**Work to be completed**. Retype the records below exactly. Leave nothing out.

**Source material**.
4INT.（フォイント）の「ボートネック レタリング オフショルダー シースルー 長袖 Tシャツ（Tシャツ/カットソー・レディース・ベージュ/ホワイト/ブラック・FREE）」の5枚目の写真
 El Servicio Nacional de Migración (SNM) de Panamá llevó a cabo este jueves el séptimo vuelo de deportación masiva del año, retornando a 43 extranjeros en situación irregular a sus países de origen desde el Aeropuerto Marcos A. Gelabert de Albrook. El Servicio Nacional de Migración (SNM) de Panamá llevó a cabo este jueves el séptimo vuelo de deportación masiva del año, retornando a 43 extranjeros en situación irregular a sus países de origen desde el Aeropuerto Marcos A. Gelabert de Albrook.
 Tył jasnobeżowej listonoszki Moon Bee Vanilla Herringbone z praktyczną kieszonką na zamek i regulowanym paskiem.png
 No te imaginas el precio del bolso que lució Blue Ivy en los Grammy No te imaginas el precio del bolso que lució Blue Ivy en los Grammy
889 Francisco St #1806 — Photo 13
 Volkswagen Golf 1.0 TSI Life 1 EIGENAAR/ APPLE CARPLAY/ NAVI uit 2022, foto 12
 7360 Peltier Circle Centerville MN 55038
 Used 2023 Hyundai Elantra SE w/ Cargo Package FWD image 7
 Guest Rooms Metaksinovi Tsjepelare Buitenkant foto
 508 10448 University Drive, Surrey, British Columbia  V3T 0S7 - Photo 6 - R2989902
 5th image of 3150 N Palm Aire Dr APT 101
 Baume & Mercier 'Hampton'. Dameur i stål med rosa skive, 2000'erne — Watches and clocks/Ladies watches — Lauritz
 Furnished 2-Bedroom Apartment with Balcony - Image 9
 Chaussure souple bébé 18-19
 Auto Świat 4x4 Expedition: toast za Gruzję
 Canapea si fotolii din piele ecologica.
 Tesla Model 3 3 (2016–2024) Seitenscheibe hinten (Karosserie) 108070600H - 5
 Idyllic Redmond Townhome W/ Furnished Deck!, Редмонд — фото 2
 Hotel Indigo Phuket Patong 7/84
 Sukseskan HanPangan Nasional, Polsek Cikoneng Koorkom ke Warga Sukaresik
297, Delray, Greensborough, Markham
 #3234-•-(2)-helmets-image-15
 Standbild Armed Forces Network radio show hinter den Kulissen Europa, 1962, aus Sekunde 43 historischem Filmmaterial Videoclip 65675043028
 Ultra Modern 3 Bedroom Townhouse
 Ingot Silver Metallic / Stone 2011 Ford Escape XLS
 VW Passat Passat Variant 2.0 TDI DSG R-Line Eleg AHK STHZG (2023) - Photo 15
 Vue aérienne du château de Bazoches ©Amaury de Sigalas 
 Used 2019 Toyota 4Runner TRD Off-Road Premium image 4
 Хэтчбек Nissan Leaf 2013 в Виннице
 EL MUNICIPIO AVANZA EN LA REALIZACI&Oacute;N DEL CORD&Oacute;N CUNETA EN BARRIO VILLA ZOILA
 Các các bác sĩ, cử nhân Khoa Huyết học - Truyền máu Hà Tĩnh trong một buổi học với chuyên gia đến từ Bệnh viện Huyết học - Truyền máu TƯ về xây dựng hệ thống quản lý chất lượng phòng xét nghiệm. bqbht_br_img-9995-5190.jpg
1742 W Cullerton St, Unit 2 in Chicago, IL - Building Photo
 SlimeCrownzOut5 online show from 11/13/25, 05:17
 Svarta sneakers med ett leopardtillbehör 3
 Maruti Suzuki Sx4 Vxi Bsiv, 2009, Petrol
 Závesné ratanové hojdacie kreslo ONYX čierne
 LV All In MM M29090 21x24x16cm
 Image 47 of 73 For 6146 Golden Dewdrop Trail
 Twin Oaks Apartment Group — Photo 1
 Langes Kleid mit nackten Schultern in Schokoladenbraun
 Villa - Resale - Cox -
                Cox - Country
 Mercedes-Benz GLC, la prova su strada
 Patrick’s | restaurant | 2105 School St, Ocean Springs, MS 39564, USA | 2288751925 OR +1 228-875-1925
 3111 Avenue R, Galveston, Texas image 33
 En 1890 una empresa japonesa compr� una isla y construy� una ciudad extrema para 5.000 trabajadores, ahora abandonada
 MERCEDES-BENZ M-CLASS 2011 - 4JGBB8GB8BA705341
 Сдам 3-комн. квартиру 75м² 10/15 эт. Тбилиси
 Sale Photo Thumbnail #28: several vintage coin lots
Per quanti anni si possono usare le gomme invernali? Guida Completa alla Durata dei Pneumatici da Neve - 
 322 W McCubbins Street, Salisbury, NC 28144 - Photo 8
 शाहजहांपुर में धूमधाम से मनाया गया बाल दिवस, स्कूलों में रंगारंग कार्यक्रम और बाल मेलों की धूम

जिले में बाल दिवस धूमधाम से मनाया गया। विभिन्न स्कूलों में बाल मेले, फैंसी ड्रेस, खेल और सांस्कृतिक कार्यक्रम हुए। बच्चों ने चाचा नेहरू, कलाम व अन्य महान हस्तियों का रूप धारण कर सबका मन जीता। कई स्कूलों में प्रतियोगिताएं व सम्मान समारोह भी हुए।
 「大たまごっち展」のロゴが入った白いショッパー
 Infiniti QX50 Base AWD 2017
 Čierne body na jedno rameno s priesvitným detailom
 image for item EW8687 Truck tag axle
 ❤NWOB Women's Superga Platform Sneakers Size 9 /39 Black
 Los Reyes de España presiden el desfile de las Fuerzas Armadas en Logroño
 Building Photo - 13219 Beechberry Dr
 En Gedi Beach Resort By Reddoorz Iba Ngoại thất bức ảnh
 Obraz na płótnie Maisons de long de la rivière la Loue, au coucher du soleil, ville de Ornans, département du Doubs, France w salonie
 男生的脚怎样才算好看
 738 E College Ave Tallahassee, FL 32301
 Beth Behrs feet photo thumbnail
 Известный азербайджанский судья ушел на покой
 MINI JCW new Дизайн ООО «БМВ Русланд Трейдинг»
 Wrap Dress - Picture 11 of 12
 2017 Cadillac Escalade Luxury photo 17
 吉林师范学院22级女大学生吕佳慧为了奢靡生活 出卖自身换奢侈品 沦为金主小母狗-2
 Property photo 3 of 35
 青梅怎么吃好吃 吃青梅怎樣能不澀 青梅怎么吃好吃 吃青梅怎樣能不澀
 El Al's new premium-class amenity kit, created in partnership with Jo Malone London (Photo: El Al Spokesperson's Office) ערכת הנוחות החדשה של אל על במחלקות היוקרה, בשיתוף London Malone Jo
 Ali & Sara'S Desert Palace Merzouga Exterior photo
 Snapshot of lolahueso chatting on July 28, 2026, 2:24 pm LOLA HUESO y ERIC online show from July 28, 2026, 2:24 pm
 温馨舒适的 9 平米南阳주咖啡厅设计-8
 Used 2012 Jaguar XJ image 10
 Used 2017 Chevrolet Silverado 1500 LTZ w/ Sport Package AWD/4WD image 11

**Answer for this exercise**.
4INT.（フォイント）の「ボートネック レタリング オフショルダー シースルー 長袖 Tシャツ（Tシャツ/カットソー・レディース・ベージュ/ホワイト/ブラック・FREE）」の5枚目の写真
 El Servicio Nacional de Migración (SNM) de Panamá llevó a cabo este jueves el séptimo vuelo de deportación masiva del año, retornando a 43 extranjeros en situación irregular a sus países de origen desde el Aeropuerto Marcos A. Gelabert de Albrook. El Servicio Nacional de Migración (SNM) de Panamá llevó a cabo este jueves el séptimo vuelo de deportación masiva del año, retornando a 43 extranjeros en situación irregular a sus países de origen desde el Aeropuerto Marcos A. Gelabert de Albrook.
 Tył jasnobeżowej listonoszki Moon Bee Vanilla Herringbone z praktyczną kieszonką na zamek i regulowanym paskiem.png
 No te imaginas el precio del bolso que lució Blue Ivy en los Grammy No te imaginas el precio del bolso que lució Blue Ivy en los Grammy
889 Francisco St #1806 — Photo 13
 Volkswagen Golf 1.0 TSI Life 1 EIGENAAR/ APPLE CARPLAY/ NAVI uit 2022, foto 12
 7360 Peltier Circle Centerville MN 55038
 Used 2023 Hyundai Elantra SE w/ Cargo Package FWD image 7
 Guest Rooms Metaksinovi Tsjepelare Buitenkant foto
 508 10448 University Drive, Surrey, British Columbia  V3T 0S7 - Photo 6 - R2989902
 5th image of 3150 N Palm Aire Dr APT 101
 Baume & Mercier 'Hampton'. Dameur i stål med rosa skive, 2000'erne — Watches and clocks/Ladies watches — Lauritz
 Furnished 2-Bedroom Apartment with Balcony - Image 9
 Chaussure souple bébé 18-19
 Auto Świat 4x4 Expedition: toast za Gruzję
 Canapea si fotolii din piele ecologica.
 Tesla Model 3 3 (2016–2024) Seitenscheibe hinten (Karosserie) 108070600H - 5
 Idyllic Redmond Townhome W/ Furnished Deck!, Редмонд — фото 2
 Hotel Indigo Phuket Patong 7/84
 Sukseskan HanPangan Nasional, Polsek Cikoneng Koorkom ke Warga Sukaresik
297, Delray, Greensborough, Markham
 #3234-•-(2)-helmets-image-15
 Standbild Armed Forces Network radio show hinter den Kulissen Europa, 1962, aus Sekunde 43 historischem Filmmaterial Videoclip 65675043028
 Ultra Modern 3 Bedroom Townhouse
 Ingot Silver Metallic / Stone 2011 Ford Escape XLS
 VW Passat Passat Variant 2.0 TDI DSG R-Line Eleg AHK STHZG (2023) - Photo 15
 Vue aérienne du château de Bazoches ©Amaury de Sigalas 
 Used 2019 Toyota 4Runner TRD Off-Road Premium image 4
 Хэтчбек Nissan Leaf 2013 в Виннице
 EL MUNICIPIO AVANZA EN LA REALIZACI&Oacute;N DEL CORD&Oacute;N CUNETA EN BARRIO VILLA ZOILA
 Các các bác sĩ, cử nhân Khoa Huyết học - Truyền máu Hà Tĩnh trong một buổi học với chuyên gia đến từ Bệnh viện Huyết học - Truyền máu TƯ về xây dựng hệ thống quản lý chất lượng phòng xét nghiệm. bqbht_br_img-9995-5190.jpg
1742 W Cullerton St, Unit 2 in Chicago, IL - Building Photo
 SlimeCrownzOut5 online show from 11/13/25, 05:17
 Svarta sneakers med ett leopardtillbehör 3
 Maruti Suzuki Sx4 Vxi Bsiv, 2009, Petrol
 Závesné ratanové hojdacie kreslo ONYX čierne
 LV All In MM M29090 21x24x16cm
 Image 47 of 73 For 6146 Golden Dewdrop Trail
 Twin Oaks Apartment Group — Photo 1
 Langes Kleid mit nackten Schultern in Schokoladenbraun
 Villa - Resale - Cox -
                Cox - Country
 Mercedes-Benz GLC, la prova su strada
 Patrick’s | restaurant | 2105 School St, Ocean Springs, MS 39564, USA | 2288751925 OR +1 228-875-1925
 3111 Avenue R, Galveston, Texas image 33
 En 1890 una empresa japonesa compr� una isla y construy� una ciudad extrema para 5.000 trabajadores, ahora abandonada
 MERCEDES-BENZ M-CLASS 2011 - 4JGBB8GB8BA705341
 Сдам 3-комн. квартиру 75м² 10/15 эт. Тбилиси
 Sale Photo Thumbnail #28: several vintage coin lots
Per quanti anni si possono usare le gomme invernali? Guida Completa alla Durata dei Pneumatici da Neve - 
 322 W McCubbins Street, Salisbury, NC 28144 - Photo 8
 शाहजहांपुर में धूमधाम से मनाया गया बाल दिवस, स्कूलों में रंगारंग कार्यक्रम और बाल मेलों की धूम

जिले में बाल दिवस धूमधाम से मनाया गया। विभिन्न स्कूलों में बाल मेले, फैंसी ड्रेस, खेल और सांस्कृतिक कार्यक्रम हुए। बच्चों ने चाचा नेहरू, कलाम व अन्य महान हस्तियों का रूप धारण कर सबका मन जीता। कई स्कूलों में प्रतियोगिताएं व सम्मान समारोह भी हुए।
 「大たまごっち展」のロゴが入った白いショッパー
 Infiniti QX50 Base AWD 2017
 Čierne body na jedno rameno s priesvitným detailom
 image for item EW8687 Truck tag axle
 ❤NWOB Women's Superga Platform Sneakers Size 9 /39 Black
 Los Reyes de España presiden el desfile de las Fuerzas Armadas en Logroño
 Building Photo - 13219 Beechberry Dr
 En Gedi Beach Resort By Reddoorz Iba Ngoại thất bức ảnh
 Obraz na płótnie Maisons de long de la rivière la Loue, au coucher du soleil, ville de Ornans, département du Doubs, France w salonie
 男生的脚怎样才算好看
 738 E College Ave Tallahassee, FL 32301
 Beth Behrs feet photo thumbnail
 Известный азербайджанский судья ушел на покой
 MINI JCW new Дизайн ООО «БМВ Русланд Трейдинг»
 Wrap Dress - Picture 11 of 12
 2017 Cadillac Escalade Luxury photo 17
 吉林师范学院22级女大学生吕佳慧为了奢靡生活 出卖自身换奢侈品 沦为金主小母狗-2
 Property photo 3 of 35
 青梅怎么吃好吃 吃青梅怎樣能不澀 青梅怎么吃好吃 吃青梅怎樣能不澀
 El Al's new premium-class amenity kit, created in partnership with Jo Malone London (Photo: El Al Spokesperson's Office) ערכת הנוחות החדשה של אל על במחלקות היוקרה, בשיתוף London Malone Jo
 Ali & Sara'S Desert Palace Merzouga Exterior photo
 Snapshot of lolahueso chatting on July 28, 2026, 2:24 pm LOLA HUESO y ERIC online show from July 28, 2026, 2:24 pm
 温馨舒适的 9 平米南阳주咖啡厅设计-8
 Used 2012 Jaguar XJ image 10
 Used 2017 Chevrolet Silverado 1500 LTZ w/ Sport Package AWD/4WD image 11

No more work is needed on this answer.